Written 23rd September 2014 by Olliers Solicitors

Smoking is set to be banned in prisons across England and Wales. A pilot project is set to commence in Spring 2014 in prisons across the South West including Exeter and Eastwood Park Women’s prison. This pilot will ban all tobacco products in all parts of the prisons including prisoner’s own cells and exercise yards.

Smoking Ban

A spokesman for the Ministry of Justice (MoJ) said:

“We are considering banning smoking across the prison estate and as part of this are looking at possible sites as early adopters.”

Senior prison staff were said to have been informed of the move in a letter.

“You will no doubt be aware that the decision has been made that the time is right for the prison estate to adopt a tobacco and smoke-free policy to provide a smoke-free workplace/environment for our staff and prisoners,” the letter, quoted in the Times, said.

It is estimated that more than 80% of all prisoners currently smoke and tobacco is considered to be a valuable commodity in prisons. The pilot appears to have come about after a long running campaign by prison staff who have raised concerns in relation to passive smoking.

The smoking ban which was introduced in 2007 did not apply to prisoners smoking in their own prison cells although it did stop prisoners smoking in some open areas. It has been suggested that the prison service is implementing the proposals in response to fears that prison officers may bring compensation claims from those who suggest they are victims of passive smoking.

Ban in Canada a Success

Smoking is currently banned in prisons in Canada and Guernsey Prison governor Dave Matthews said that a smoking ban enforced earlier this year at Les Nicolles jail had “gone very well”.

David also added:

“We have removed tobacco but also provided prisoners with some assistance to try and give up their nicotine habit through the form of patches and the use of Quitline.”

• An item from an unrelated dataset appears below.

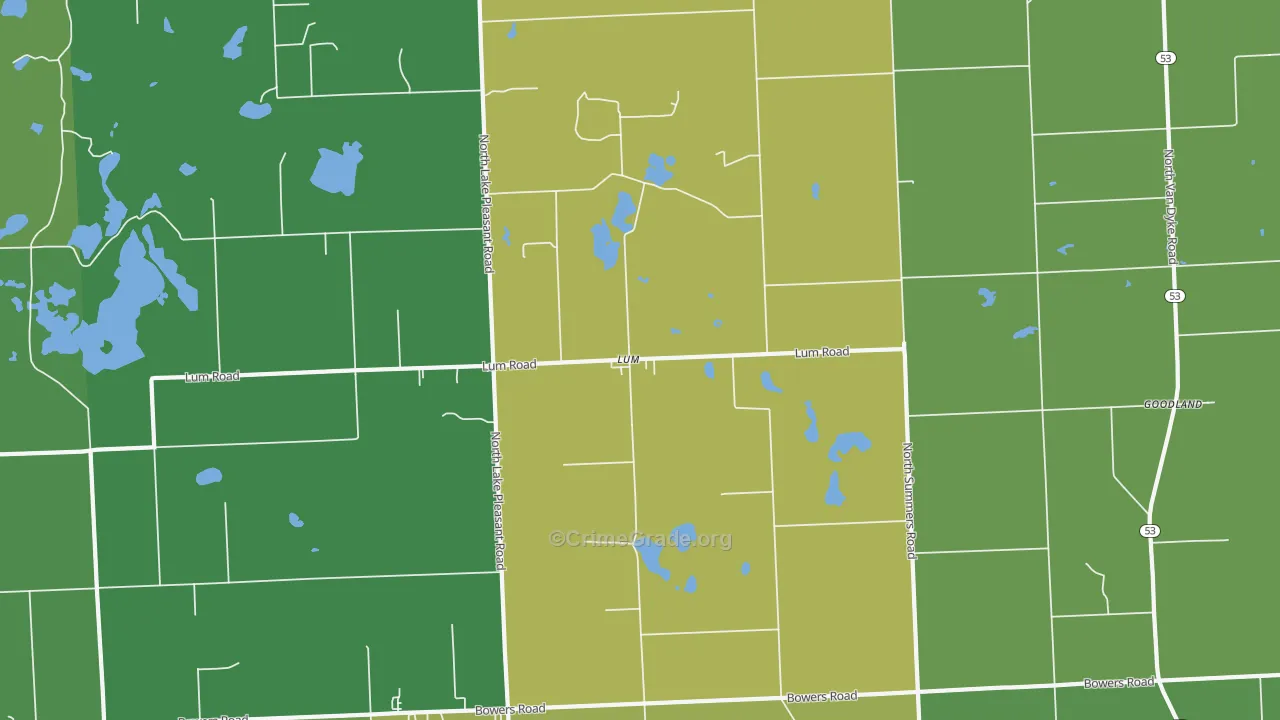 Lum, MI Map of Burglary Rates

“For those who have decided not to (quit smoking),” he continued, “we have allowed them to purchase their own e-cigarettes, which deliver nicotine in a much safer way than normal tobacco does.”

However, there are concerns in relation to the effects of the proposals. With such a high number of inmates currently smoking some have suggested the plans could lead to rioting.

Sadiq Khan, Labour’s shadow justice secretary, said:

“Recent prison inspection reports show they are increasingly stretched on a daily basis, battling simply to stop disturbances.

“A smoking ban in prisons without planning and resources seems an odd priority.”

Certainly the proposals will not find favour with those inmates currently addicted to tobacco products and it remains to be seen whether prisoners may bring claims that the proposals constitute a breach of their human rights.